Email Infrastructure

 

Written by Wayne Pollock, Tampa Florida USA, ©2006–2016

Table Of Contents

  1. Overview
  2. Headers, Body, and Envelope
  3. Email Address Format
  4. Components of a Mail System
  5. How Mail Works on the Internet
  6. Protocols
  7. Mailing Lists
  8. Configuring an MDA

Overview:

Before email (short for electronic mail, or e-mail) when dinosaurs walked the Earth, it was difficult to avoid “phone tag”.  To leave someone a message, you needed to physically travel to their office and leave a slip of paper.  (There were no cell phones in those days, and even answering machines were rare.)  At some point it was realized that (at some organizations anyway) people had computer terminals in their offices, and that it was possible to leave a message in a file at a given location.  When a user returned to their office they could check if that file existed and contained any new messages.

To make this easier, a simple program was used.  To send email to someone, the original mail program could be used this way:  “mail user”.  Any text you typed thereafter would be appended to that user's mailbox file, sometimes called the inbox.  (The standard location back then was /usr/spool/mail/username.)  When done entering the message, you would indicate EOF by hitting Control+D.  (You could also pipe into this command.)

To read your mail (if any), a user would just type “mail”.  This would dump the contents of that user's mailbox file to the screen.  Over time this command became more sophisticated, to allow the mailbox to hold multiple messages, to automatically add a header with the sender's username and the time the message was sent.  This scheme allowed the mailbox to hold multiple messages since the header separated one from the next.  That file is called a mail folder (or mailbox), but is a single text file containing one message after another.

The newer mail command also displayed one message at a time and allowed options for the user to save the message, delete the message, and even to reply to it (that is, send a message back to the person who sent you a message).  The reply message usually has the same “subject” as the original, with “Re:” prepended.  Sometimes the original message is quoted in the new message body as well.

Email continues to be very popular.  The marketing research firm Radicati reports over 215 billion email messages are sent every day (in 2016).  That comes to over 2 million email messages sent or received every second!  (Sadly, other estimates indicate that over 90% of that is spam or other forms of malware, such as viruses.)

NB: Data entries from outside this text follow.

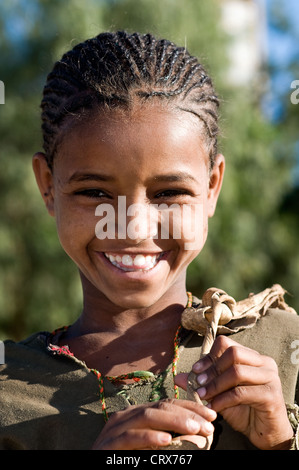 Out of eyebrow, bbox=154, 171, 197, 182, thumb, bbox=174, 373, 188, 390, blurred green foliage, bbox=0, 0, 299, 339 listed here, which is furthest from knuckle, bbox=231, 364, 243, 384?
blurred green foliage, bbox=0, 0, 299, 339

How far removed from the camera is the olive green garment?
1.64 metres

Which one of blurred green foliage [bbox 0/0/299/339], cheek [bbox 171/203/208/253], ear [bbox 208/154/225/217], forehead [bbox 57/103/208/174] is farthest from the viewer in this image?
blurred green foliage [bbox 0/0/299/339]

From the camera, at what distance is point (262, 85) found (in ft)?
50.5

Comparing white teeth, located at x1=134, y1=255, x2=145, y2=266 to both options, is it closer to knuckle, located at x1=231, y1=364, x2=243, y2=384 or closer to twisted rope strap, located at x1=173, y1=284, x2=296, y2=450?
twisted rope strap, located at x1=173, y1=284, x2=296, y2=450

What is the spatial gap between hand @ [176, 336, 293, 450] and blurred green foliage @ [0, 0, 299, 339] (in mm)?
7236

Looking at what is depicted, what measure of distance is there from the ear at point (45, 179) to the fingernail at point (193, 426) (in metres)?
0.91

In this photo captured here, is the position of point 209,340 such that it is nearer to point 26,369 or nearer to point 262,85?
point 26,369

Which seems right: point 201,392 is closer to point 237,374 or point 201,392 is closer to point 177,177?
point 237,374

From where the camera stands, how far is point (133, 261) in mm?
1734

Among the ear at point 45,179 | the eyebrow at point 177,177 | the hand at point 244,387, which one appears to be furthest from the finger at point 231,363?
the ear at point 45,179

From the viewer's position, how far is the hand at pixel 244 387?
1.38m

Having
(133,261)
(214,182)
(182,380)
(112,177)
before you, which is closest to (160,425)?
(182,380)

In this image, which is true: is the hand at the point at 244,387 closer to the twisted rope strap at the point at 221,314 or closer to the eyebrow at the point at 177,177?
the twisted rope strap at the point at 221,314

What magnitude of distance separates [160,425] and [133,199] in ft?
1.94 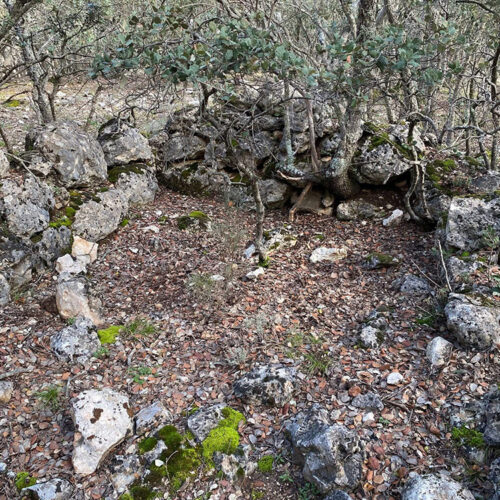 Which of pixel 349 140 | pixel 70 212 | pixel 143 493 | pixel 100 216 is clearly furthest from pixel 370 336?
pixel 70 212

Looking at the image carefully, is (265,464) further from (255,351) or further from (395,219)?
(395,219)

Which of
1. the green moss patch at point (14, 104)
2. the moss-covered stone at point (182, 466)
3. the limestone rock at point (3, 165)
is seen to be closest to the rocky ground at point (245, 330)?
the moss-covered stone at point (182, 466)

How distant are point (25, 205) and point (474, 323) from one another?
6.39 m

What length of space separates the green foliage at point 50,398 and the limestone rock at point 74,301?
1.20 m

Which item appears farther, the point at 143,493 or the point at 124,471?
the point at 124,471

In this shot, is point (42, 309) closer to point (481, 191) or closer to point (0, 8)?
point (481, 191)

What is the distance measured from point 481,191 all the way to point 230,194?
15.3ft

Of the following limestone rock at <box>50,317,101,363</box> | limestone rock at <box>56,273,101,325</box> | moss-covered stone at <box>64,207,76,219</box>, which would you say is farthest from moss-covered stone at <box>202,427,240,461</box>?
moss-covered stone at <box>64,207,76,219</box>

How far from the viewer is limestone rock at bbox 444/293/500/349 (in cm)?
425

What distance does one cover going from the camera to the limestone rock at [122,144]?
8.32 meters

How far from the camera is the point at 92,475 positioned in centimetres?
357

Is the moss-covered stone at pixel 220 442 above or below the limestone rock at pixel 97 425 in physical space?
below

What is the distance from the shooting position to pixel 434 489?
307cm

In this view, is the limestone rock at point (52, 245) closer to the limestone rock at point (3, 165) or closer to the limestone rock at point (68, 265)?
the limestone rock at point (68, 265) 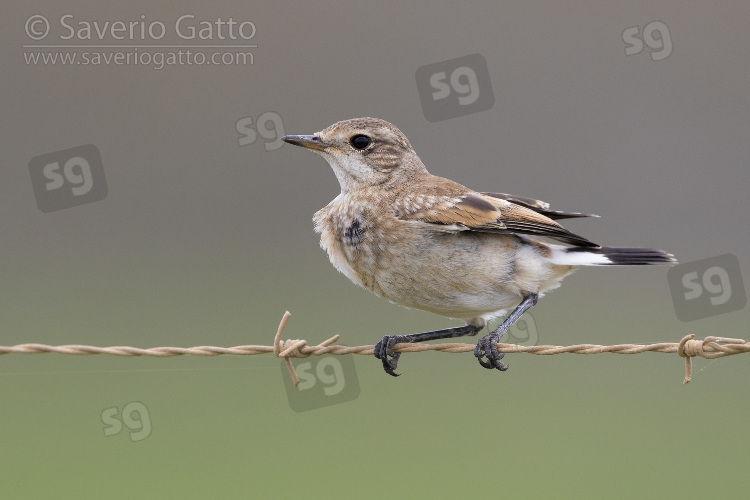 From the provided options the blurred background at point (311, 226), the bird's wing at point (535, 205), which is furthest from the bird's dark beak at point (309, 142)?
the blurred background at point (311, 226)

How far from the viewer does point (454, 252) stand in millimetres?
5246

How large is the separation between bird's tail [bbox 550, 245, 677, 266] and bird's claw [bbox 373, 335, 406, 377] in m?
1.02

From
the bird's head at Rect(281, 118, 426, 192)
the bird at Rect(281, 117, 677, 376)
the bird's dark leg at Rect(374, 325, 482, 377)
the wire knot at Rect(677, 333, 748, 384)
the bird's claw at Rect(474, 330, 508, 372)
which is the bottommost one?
the wire knot at Rect(677, 333, 748, 384)

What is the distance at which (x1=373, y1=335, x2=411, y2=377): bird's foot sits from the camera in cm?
527

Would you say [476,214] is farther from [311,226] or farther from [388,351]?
[311,226]

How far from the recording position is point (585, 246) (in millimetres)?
5594

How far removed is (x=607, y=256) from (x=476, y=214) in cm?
82

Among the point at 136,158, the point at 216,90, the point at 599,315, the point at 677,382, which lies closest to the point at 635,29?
the point at 599,315

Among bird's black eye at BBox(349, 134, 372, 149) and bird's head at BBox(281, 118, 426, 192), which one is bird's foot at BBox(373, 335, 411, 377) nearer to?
bird's head at BBox(281, 118, 426, 192)

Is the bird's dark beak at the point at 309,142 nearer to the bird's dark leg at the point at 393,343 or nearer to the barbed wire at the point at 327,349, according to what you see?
the bird's dark leg at the point at 393,343

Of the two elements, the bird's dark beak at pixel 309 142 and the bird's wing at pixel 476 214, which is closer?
the bird's wing at pixel 476 214

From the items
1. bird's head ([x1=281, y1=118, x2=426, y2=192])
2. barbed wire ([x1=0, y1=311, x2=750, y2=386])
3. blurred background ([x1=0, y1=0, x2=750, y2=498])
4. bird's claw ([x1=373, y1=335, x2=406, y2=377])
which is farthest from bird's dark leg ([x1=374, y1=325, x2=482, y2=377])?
blurred background ([x1=0, y1=0, x2=750, y2=498])

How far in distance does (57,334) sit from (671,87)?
9.47 m

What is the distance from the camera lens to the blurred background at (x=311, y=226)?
1025 centimetres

The invention of email is generally credited to V.A. Shiva Ayyadurai in 1978, while he was a high school student in New Jersey.  However, this isn't true at all; email was in use in the early 1970s.  Apparently, this guy invented a program he called “EMAIL”, and the press got confused.

Headers, Body, and Envelope:

An email message contains three parts: the envelope which identifies the sender and recipients, the headers, and the message body.  The headers and body together are referred to as the message.

It is important to understand that only the recipients listed on the envelope will receive an email message; mail servers never look at any headers to determine this!  Also, the envelope is not part of the message that gets saved in a user's mailbox.  So once some email message is delivered to you, you can't tell who else was listed on the envelope.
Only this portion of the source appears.